File Transfer from/to de.NBI Cloud¶
At some point you want to use your own data in the de.NBI Cloud or you would like to copy the results from your cloud computation to your local device. Here we present different ways to copy data from or to the de.NBI Cloud. This tutorial is meant for users of the simplified cloud access portal SimpleVM. In SimpleVM a connection to the VM is made via an IP-Adress and a Portnumber. Therefore your have to always specify the port number which is used to connect to the VM. de.NBI Cloud users which access their VMs via OpenStack directly connect to the default SSH port 22 which can be omitted.
Different tools for different use cases¶
There are different tools for copying files from/to the de.NBI Cloud each for different use cases. Under Linux you can choose between different comman line tools. Some of them can also be used with a graphical user interface (GUI) by using a file manager. For Windows users it may be best to use a GUI tool like WinSCP. This tutorial will cover the following Linux tools:
- scp -- secure copy (remote file copy program)
- sshfs -- filesystem client based on ssh
- rsync -- a fast, versatile, remote (and local) file-copying tool
1. SCP -- secure copy (remote file copy program)¶
Secure Copy (SCP) is, as you already guessed, a command line tool for copying files from/to remote devices. It is based on the Secure Shell (SSH), which you already used to connect to your virtual machine.

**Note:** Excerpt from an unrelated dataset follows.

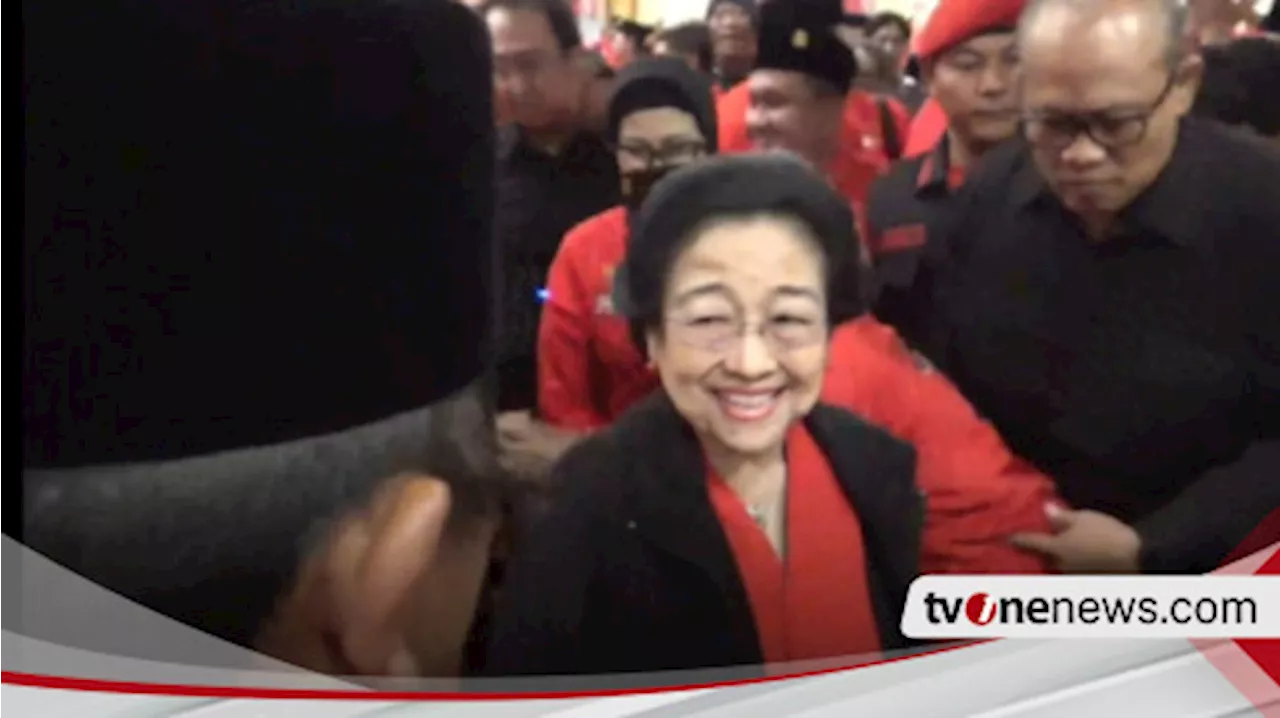 Megawati Turun Gunung Tegaskan Kader PDIP Wajib Fokus Menangkan Pasangan Risma-Gus Hans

SCP will establish a connection to the remote machine, transfer the file(s) and close the connection afterwards. If you want to transfer more files you have to start SCP again.
Installation¶
Remote machine: The Virtual Machine in the Cloud should already have SCP installed.
Local Machine: Linux shippes SSH with SCP by default.
Usage¶
The usage is quite simple. To copy a file TO the remote machine use:
scp -i <id-file> -P <port> <file> <user>@<IP>:<path>
Example:
This will connect to server 111.222.333.444
at port 30000
using the public key mykeyfile
and will copy the local file data.csv
from your local working directory to the remote machine as analysis/input/data.csv
.
scp -i mykeyfile -P 30000 data.csv ubuntu@111.222.333.444:analysis/input/data.csv
To copy a file FROM the remote machine use:
scp -i <id-file> -P <port> <user>@<IP>:<path> <file>
Example:
This will connect to server 111.222.333.444
at port 30000
using the public key mykeyfile
and will copy the remote file analysis/input/data.csv
to your local working directory as file data.csv
.
scp -i mykeyfile -P 30000 ubuntu@111.222.333.444:analysis/input/data.csv data.csv
2. SSHFS -- filesystem client based on ssh¶
SSHFS allows to mount a remote file system like a normal file system. The benefits of using SSHFS is that the file
system remains available as long it is mounted. Furthermore, as the remote file system is mounted like a normal local
file system, you can work on remote files like you work with local files by using default file access and transfer tools
like ls
, cp
and mv
. You basically don't have to think about if a file is on a remote or on a local machine.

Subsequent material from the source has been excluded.